James DenBoer is publisher of Swan Scythe Press. Long appreciated by local readers of poetry, James DenBoer’s work has appeared in a great variety of publications in multiple media. DenBoer has authored eight books of poetry spanning almost 40 years, has appeared in another seven anthologies of poetry and literature, and has won awards and grants from the National Council on the Arts, the Author’s League of America, the Carnegie Fund for Authors and the National Endowment for the Arts. Great and recognizable poets have celebrated the poetry of James DenBoer. National Book Award winner William Stafford said that DenBoer’s “readers are immediately enriched by the various dimensions that an original and assured mind can give to the texture of real life in our time.” Pulitzer Prize winner and former Poet Laureate William Meredith wrote that DenBoer’s poetry “reveals a growth in humor, in tough-mindedness, and in affection for the natural world.” And David Wagoner, former Chancellor of The Academy of American Poets, has said “”The voice of James DenBoer . . . seems lucid, flexible, refreshing, and important.” DenBoer’s most recent book, Stonework: Selected Poems, was published by Sandra McPherson’s Swan Scythe Press, in the city of Davis.

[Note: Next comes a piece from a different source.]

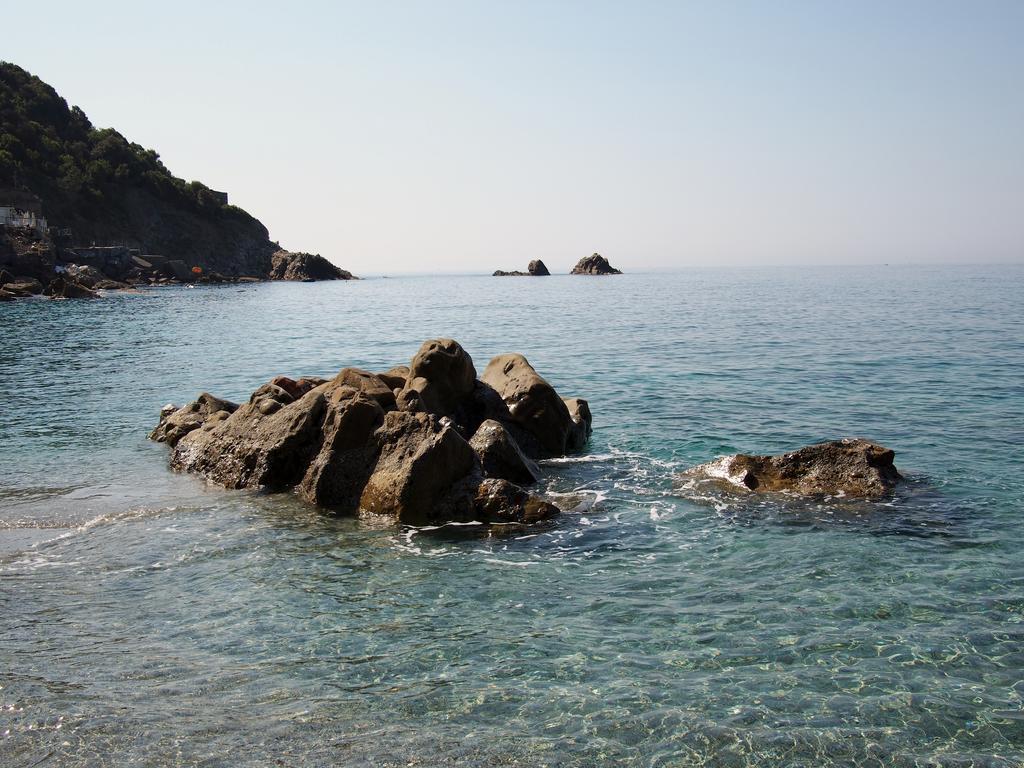 Appartamenti La Spiaggetta Deiva Marina Eksteriør billede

James Denboer performed on March 19th, 2008. DenBoer has written:
Learning The Way, University of Pittsburgh Press, 1969 (U.S. Award of the International Poetry Forum) Trying To Come Apart, University of Pittsburgh Press, 1971 (National Council of the Arts award), Nine Poems, Christopher's Books, Santa Barbara, 1972, Brandi & Brandts & DenBoer & Durand & Peters & Turner, Christopher's Books, 1973, Lost in Blue Canyon, Christopher's Books, Santa Barbara, 1981, Dreaming of the Chinese Army, Blue Thunder Press, 2000, Poems: James DenBoer, Verdant Press, Pasadena CA (artist book), 2002, Poems: James DenBoer/Paintings: Mel Smothers, The Press of the Black Dog, Sacramento, CA, 2002 (1 copy of handmade book with original paintings), Poems: James DenBoer, Magpie Press Books, Sacramento, CA (artist book), 2002, Bibliography of the Published Work of Douglas Blazek 1961-2001, Glass Eye Books, 2003, Back Until Then, Verdant Press, Berkeley, CA, 2005; prose poems, Black Dog: An Incomplete Seque Between Two Seasons, Rattlesnake Press, Fair Oak, CA, 2005


APRIL 5 -- Surrealism and it's Academic Discontents

Tim Kahl is the author of the poetry collection, Possessing Yourself (Word Tech Press, 2009), and his poems have appeared in Prairie Schooner, American Letters and Commentary, Berkeley Poetry Review, and numerous other journals. He has also translated, among others, the work of German poet Rolf Haufs, Brazilian poets Ledo Ivo and Marly de Oliveira, and the poems of Jose Saramago, the Portuguese language’s only Nobel Laureate. He currently serves the poetry community as the editor for Bald Trickster Press and as the Vice President of The Sacramento Poetry Center. He teaches at Sacramento City College.